Board of Finance Minutes 12/22/03
                                             BOARD OF FINANCE
December 22, 2003
MINUTES


        I.      CALL TO ORDER – The Regular Meeting was called to order at 7:30 p.m. by Chairman Harrison in the Selectmen’s Chamber, Town Hall.  Present were members Tom Gugliotti, Bill Hooper, Steve McGuff, Michael Monts, Jim Speich and Mark Zacchio.  Also present were Town Manager Philip K. Schenck, Jr., and Clerk Elinor Burns.
        
        II.     PLEDGE OF ALLEGIANCE – Led by Mark Zacchio

        III.    COMMUNICATION FROM AUDIENCE – Mr. V. Santos prepared a statement outlining what he personally feels should be done to help control runaway spending and keep within the budget. There are things that we can do, retirements of older employees who could be replaced with lower paid employees; offer an early retirement program too.  Also, when some employees retire, don’t replace them – just arrange more efficient work methods.  One very big item is school transportation; we could purchase transportation equipment and operate our own fleet with our own employees, or use a transportation company to operate and maintain the buses.  Simsbury has been successful in doing that and he would like to encourage the Board of Education to look at that possibility.  The Chairman thanked Mr. Santos for all the time and effort he has put into these projections to distribute to everybody.  He has a close eye on the situation and his suggestions are certainly appreciated.  

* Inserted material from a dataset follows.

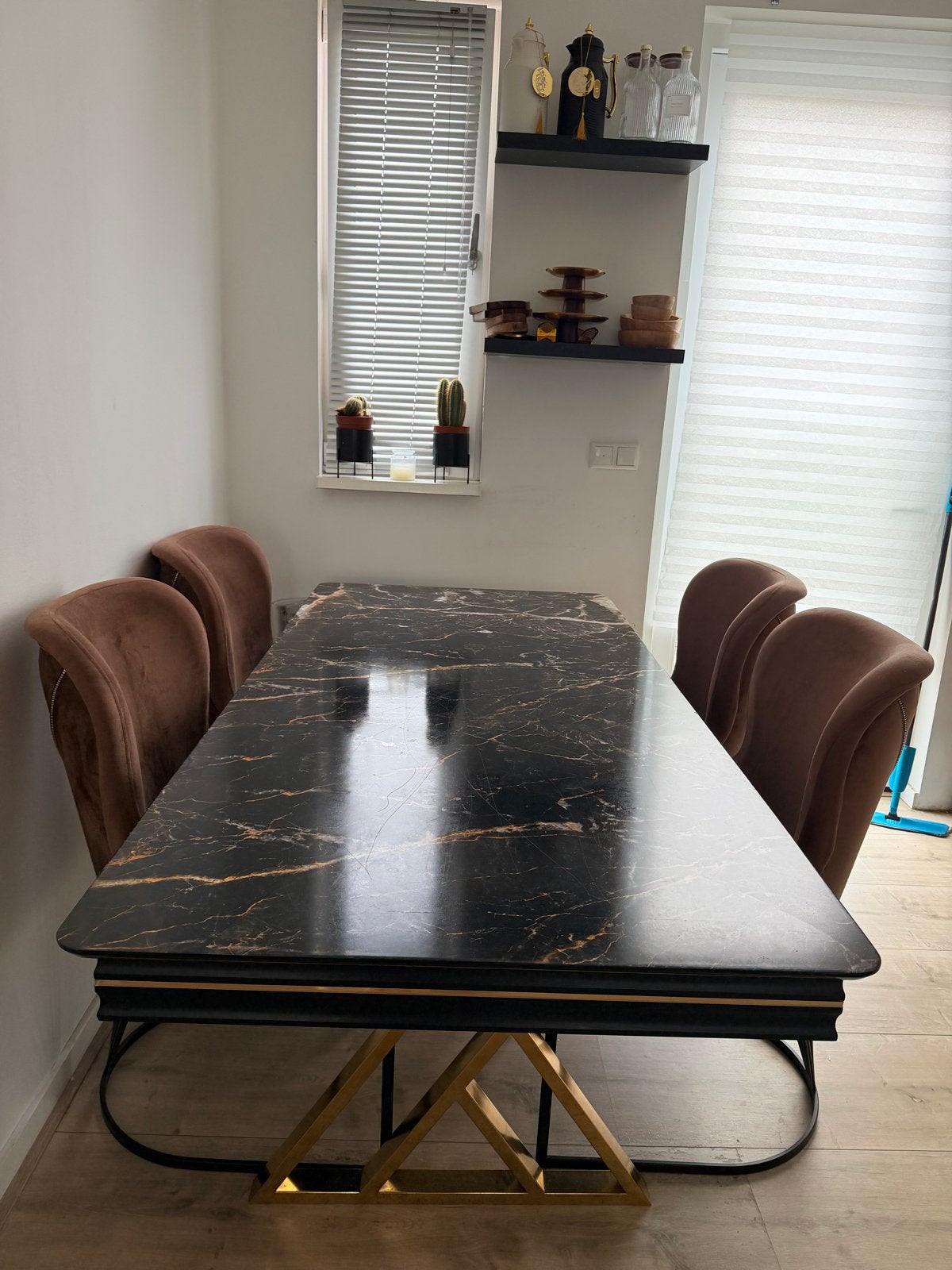 Moderne eettafel met marmerlook en gouden onderstel, Zo goed als nieuw, Vier personen, Rechthoekig, 50 tot 100 cm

        IV.     MINUTES OF PRECEEDING MEETING:  November 24, 2003
On a motion made by Mr. Gugliotti, seconded by Mr. Zacchio, it was voted:
RESOLVED:        That the Board of Finance accept the minutes of the November 24, 2003 meeting,
                      as submitted.
Messrs. Harrison, Gugliotti, Hooper, McGuff, Speich and Zacchio voted in favor.  Mr. Monts abstained, absent from the meeting.

        V.      OLD BUSINESS
                03/04-03        Review and Discussion FY04/05 Budget Process
The Chairman opened the discussion by reminding the Board and the Audience that all we’re going to do tonight is discuss procedures and then set a target number for the operating boards as they develop the 04/05 Budget.  He stressed that this is not a binding cap or anything of that source.   Simsbury has flat out advised their operating Boards that under no circumstances will they recommend a number higher than whatever their guideline is.  We will phrase it that we are asking the operating Boards that they develop their budgets to try to meet a target.  This target does not represent our evaluation of what the needs of the operating Boards are, or what their desires are, or reflect what we think might be the mood of the voters who ultimately have the final say on how much they want to pay in taxes.  What we are trying to do based on a host of things that we will discuss tonight is provide some sense of where we think the voters are likely to be when the budget is submitted for their approval in May.  Two years in a row now we have made those estimates and have been proven wrong each time.  The voters were not in as generous a mood as we thought they were.  We are hoping to need only one Referendum that will be acceptable to the voters.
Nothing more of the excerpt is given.